In his novelette, the writer Fernando Sdrigotti pulls us out of the eye of that storm, allowing us for a moment to observe, rather than act. Observe individuals, groups and TV networks coalesce into an amorphous throb of idol rage, moving with predictable – mathematical – stupidity. From Trump to war to peace to the Pope, and then without even a pause for breath, straight on to paedophile priests, ‘Muslim’ grooming gangs, post-secular Leftists and atheism, all before
‘…someone calls someone a luvvie, and someone else calls someone else a gammon or some other charcuterie term, and the message of peace gets diluted, while everyone debates whether processed meat is racist or not.’

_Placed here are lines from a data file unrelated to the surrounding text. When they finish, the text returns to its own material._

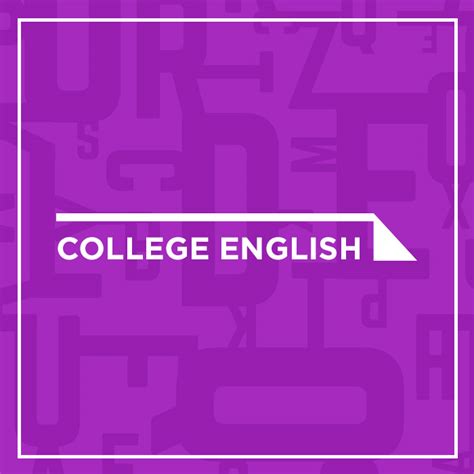 College English - NCTE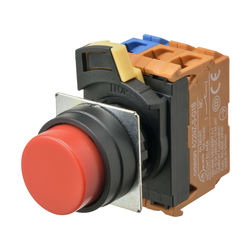 Omron A22NN-BPM-NRA-G112-NN (664135)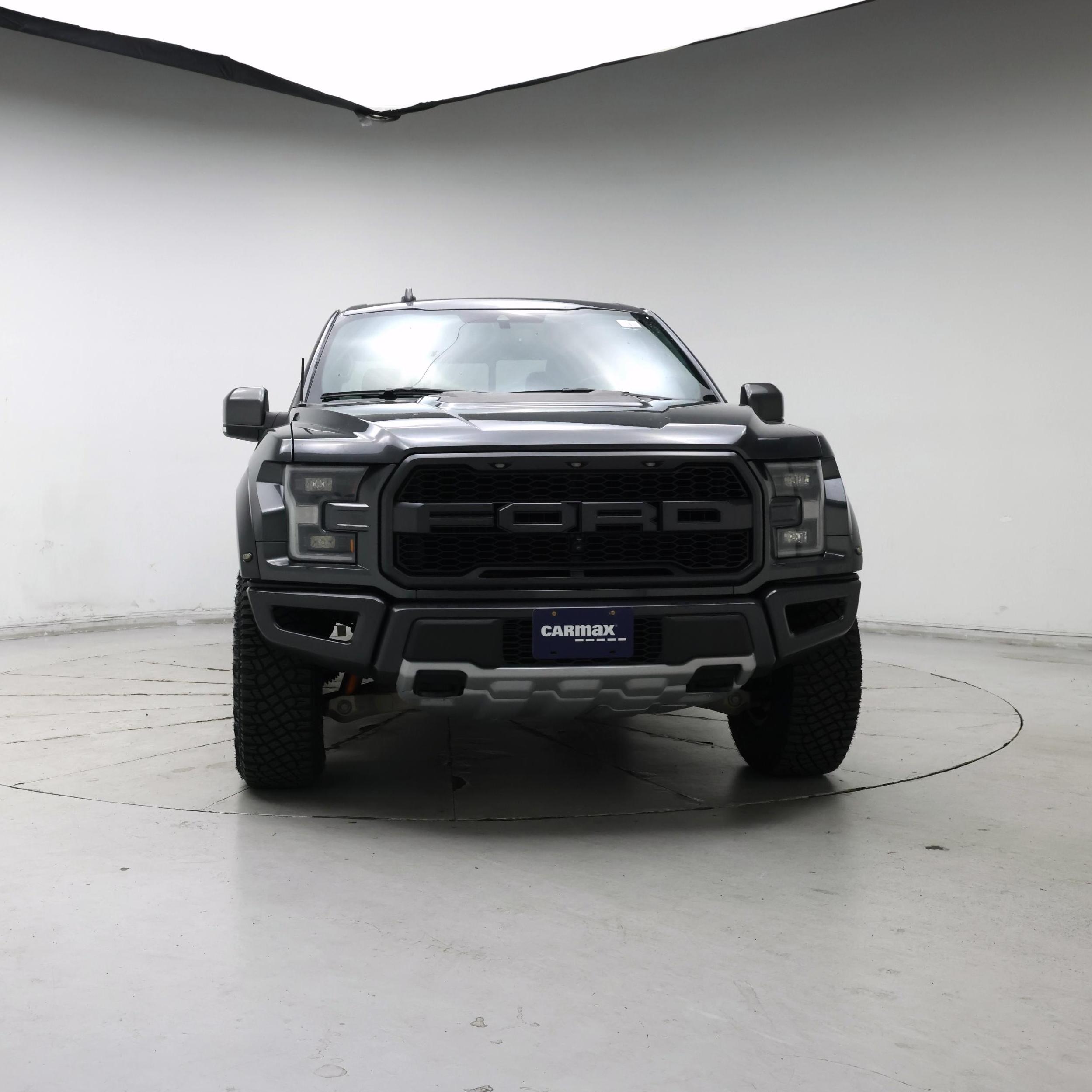 Thumbnail: 2019 Ford F-150 - 5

Re-tracing the most perfect shitstorms of our blessed epoch, Sdrigotti’s work begins with ‘Cyril the Lion’, beloved of our most beloved (Gervais et al), who was hunted down in the Zimbabwean savannah and killed…by a white dentist from Minnesota. Many will recall the fallout, which within days escalated to death threats, as well as threats of rape against the dentist’s wife and daughter. All before… a terrorist attack. And not one in some faraway ‘-Stan’, but one affecting us. And so the black-hole of rage moved on, now attacking Islam, Islamophobes and Islamophiles. All before… an enterprising lady hit the spotlight for making bread with her own vaginal yeast.

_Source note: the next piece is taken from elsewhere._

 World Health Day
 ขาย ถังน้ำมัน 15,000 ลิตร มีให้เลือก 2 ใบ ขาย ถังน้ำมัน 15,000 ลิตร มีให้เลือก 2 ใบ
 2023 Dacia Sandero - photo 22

In keeping with the state of mind of shitstorm riders, Sdrigotti’s narrative moves at breath-taking (stomach-turning) speed, before an unexpected – and quite brilliant – change of pace. Without warning, the shutter is pulled down on the spectacle of humanity self-immolating, as the author picks up the story of the hunter. We’re taken to a speculative future, ten or so years hence, with the Minnesotan dentist re-visiting Zimbabwe for the first time since the ‘Cyril affair’ – and back for another hunt.
As a counterweight to what has come before, it’s perfect – the change in tempo, as well as change in focus and style, is beautifully measured. In dropping the (oblique) commentary and humour, Sdrigotti loosens himself as a fiction writer. And the reader, no longer observing the dentist, is now alongside – experiencing the Zimbabwean sunrise, making small-talk with other hunters, failing to differentiate one black face from another. And we’re with him on the hunt itself, one man and one gun, up against the bleached-white sun and the open plain.
Any Cop?: From tracking our frenzied collective rage to an explication of our animal selves, via a meditation on hunting – Shitstorm packs a whole world into 20,000 words. Sdrigotti’s approach, of distancing himself from the events he re-tells, is well-judged. By merely commentating indirectly through humour, he allows the reader to see the horror-show that we’ve become. Demos Kratos: Power to the People. What a fucking stupid idea.